António Mesquita
Como na música ou no teatro, há um prólogo em que a câmara só foca o fino tecido das ramagens. Estamos numa floresta a meio dia de viagem de Tóquio. No silêncio paradoxal das árvores e dos bichos, um homem serra um tronco e depois com um machado faz lenha com golpes precisos. Um tempo não despiciendo se passou nisto, como se não houvesse história. Mas depois sabemos que Takumi (Hitoshi Omika) é uma espécie de faz-tudo na aldeia de Mizubiki e leva água e lenha aos residentes. É um observador da natureza, com a consciência de que há nela um equilíbrio precário que mesmo os homens como ele, com a sua sageza, vieram perturbar.
Vemo-lo a seguir acompanhar a filha Hana (Ryô Nishikawa) à escola através do bosque. Ela aprende o nome das árvores e das plantas e colhe as penas de uma ave exótica. Ela e os seus 10 anos curiosos de tudo tem o mau hábito de não esperar o pai no regresso e voltar sozinha pela mata, espiada pelos veados selvagens. O pai, a uma pergunta dos citadinos diz que estes animais não atacam, a não ser quando feridos ou por causa das crias. De vez em quando, ouvem-se longe detonações, porque a caça furtiva nunca se interrompeu.
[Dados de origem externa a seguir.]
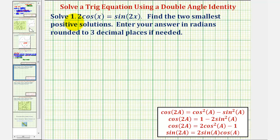We want to solve the equation 1.2 cosine x equals sine 2x, and we're asked to find the two smallest positive solutions, entered in radians, rounded to three decimal places if needed.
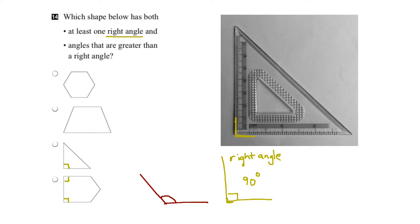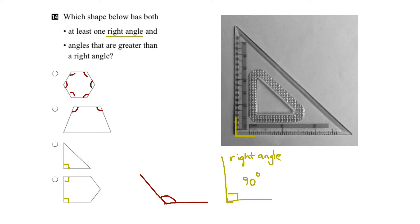Looking down our list of shapes, we can see that in the first shape, all of the angles will be greater than 90 degrees. In the next shape, the angles at the bottom are less than 90, but the angles at the top are greater than 90. For our triangle, these two angles are less than 90. And for the shape at the bottom, it looks like these three angles are greater than 90.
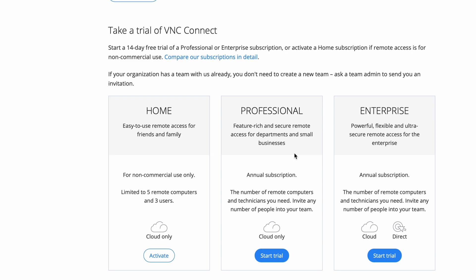I would imagine you probably have to give card details, but this says 'Easy to use remote access for friends and family, for non-commercial use only, limited to five remote computers and three users, cloud only.' Let's hit activate and it gives you all the details.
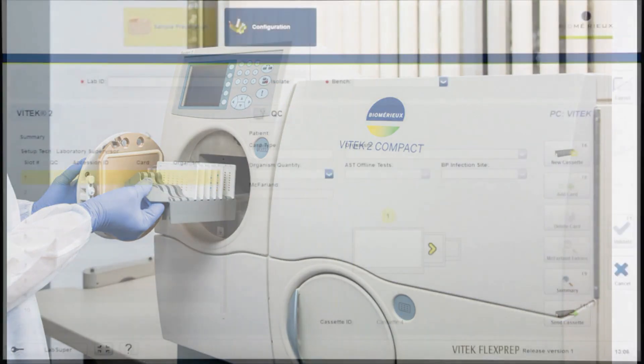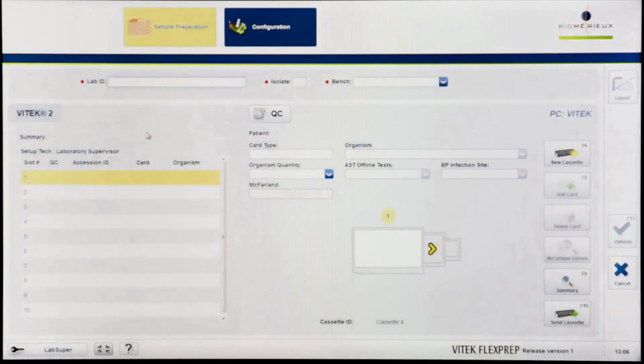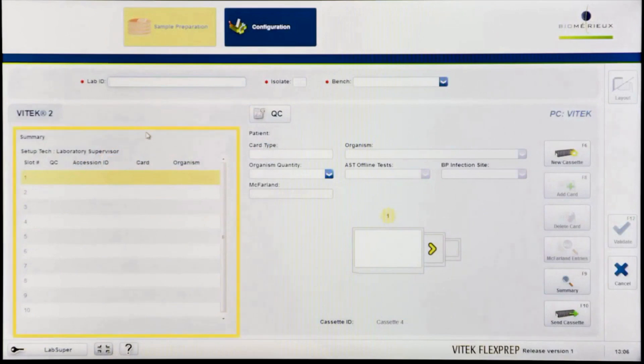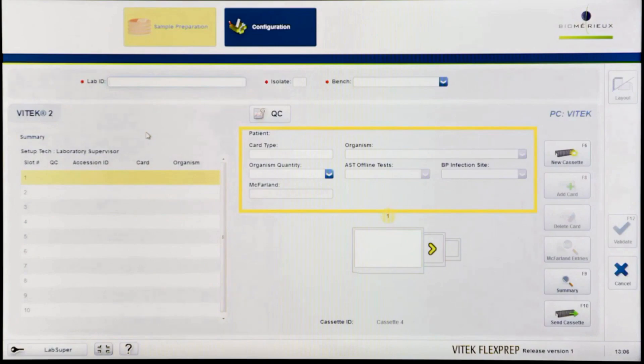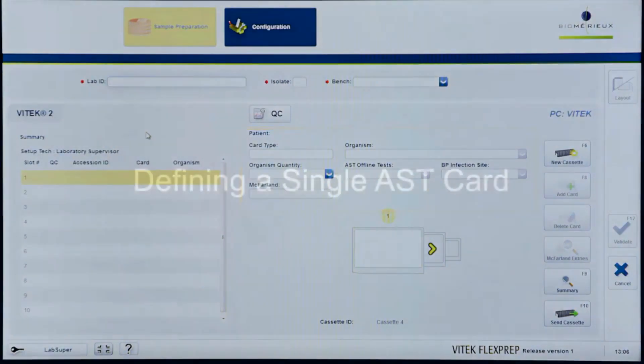The cassette definition screen consists of a summary pane depicting the high-level details of the ten slots in each cassette. Additionally, the screen contains the isolate definition section where information about an isolate and its associated cards is entered.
A vida na aldeia é bruscamente agitada pelos planos de uma empresa da capital que, aproveitando um subsídio estatal pretende instalar ali um parque de campismo. Apresenta-os sob o nome de 'glamping' (de glorious camping) e como um benefício para os locais. Numa reunião entre os seus representantes, Takahashi (Ryûji Kosaka) e Mayuzumi (Ayaka Shibutani) e os habitantes da aldeia, estes confrontam-nos com alguns problemas que vão afectar o ambiente e a vida de todos. Takumi, com alguma relutância, enumera os principais, como o da fossa séptica ser a montante e inquinar a água a jusante e o da segurança que implica 24 horas de vigilância. Takahashie e Mayuzumi voltam no carro para Tóquio convencidos da razão dos aldeões. Mas o CEO da empresa tem pressa por causa do subsídio que tem um prazo e o seu orçamento ser limitado. Está fora de causa aumentar os custos. A sua ideia é que não importa que os locais sejam contra, o que importa é que foram ouvidos. Para amenizar as coisas lembra-se de contratar Takumi como vigilante, reduzindo ao mesmo tempo o pessoal do parque.
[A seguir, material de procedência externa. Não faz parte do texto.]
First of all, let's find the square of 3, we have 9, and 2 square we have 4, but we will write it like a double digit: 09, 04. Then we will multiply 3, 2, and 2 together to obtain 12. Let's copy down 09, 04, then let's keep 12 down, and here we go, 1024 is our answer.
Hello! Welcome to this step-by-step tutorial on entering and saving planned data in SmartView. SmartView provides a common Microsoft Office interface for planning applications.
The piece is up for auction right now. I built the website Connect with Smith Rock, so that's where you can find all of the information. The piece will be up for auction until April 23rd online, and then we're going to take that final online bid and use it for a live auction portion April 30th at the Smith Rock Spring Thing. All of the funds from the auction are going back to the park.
Os representantes voltam a Mizubiki e procuram aliciar Takumi, mas este não precisa de dinheiro e mostra-se indiferente a qualquer persuasão.
É nesse interim que Hana desaparece na floresta e as buscas envolvem a população até ao cair da noite. Takumi por fim avista uma mancha de sangue e o corpo mais longe e adivinha o que se passou. Hana foi atacada por um veado ferido ou a quem mataram a cria.
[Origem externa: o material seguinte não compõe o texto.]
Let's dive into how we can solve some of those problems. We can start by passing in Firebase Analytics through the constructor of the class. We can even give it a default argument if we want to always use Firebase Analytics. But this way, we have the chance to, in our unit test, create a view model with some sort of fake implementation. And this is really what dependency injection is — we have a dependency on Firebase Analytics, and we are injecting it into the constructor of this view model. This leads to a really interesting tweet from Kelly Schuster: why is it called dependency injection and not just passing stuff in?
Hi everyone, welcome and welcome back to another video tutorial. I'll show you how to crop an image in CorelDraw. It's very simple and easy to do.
Nesse instante o filme passa a outra dimensão. Vemos Takumi estrangular Takahashie que o acompanhava na busca. E há aqui uma espécie de contágio inter-espécies, Takumi comportando-se como o veado e punindo o estranho que rompeu o equilíbrio. Ele é também um homem pacífico a quem mataram a filha 'por procuração'. Há um continuum entre a vida dos homens e a dos animais que aparece subitamente, contra toda a nossa percepção de caçadores e carnívoros. Esse é o choque deste final que eleva este filme de Hamagushi às alturas dos mestres do cinema nipónico como Ozu e Misoguchi.
Uma palavra para a música. Disruptiva, sublinhando o momento expectante, a tragédia que se vai seguir.
Segundo o realizador, o título "O mal não existe" é algo irónico. De facto, o mal pode-se dizer que está no âmago da situação, com a invasão do meio natural pela cupidez ou pela necessidade dos humanos. Mas, por outro lado, devia-se pensar, literalmente, que ele não existe ou não está ali, como a tradução portuguesa preferiu. É que, tal como na guerra, a liberdade é a primeira coisa que se perde, frente à necessidade ou à força maior. E onde está o mal quando os nossos erros ou os nossos instintos nos puseram sob o cutelo da fatalidade?
Como dizia Kant: "Não é possível conceber-se no mundo - e, na verdade, nem mesmo para além do mundo - nada a que sem reserva se possa chamar bom, com excepção de uma 'boa vontade'." O que nos leva a inverter a fórmula dizendo que o único mal é a má-vontade.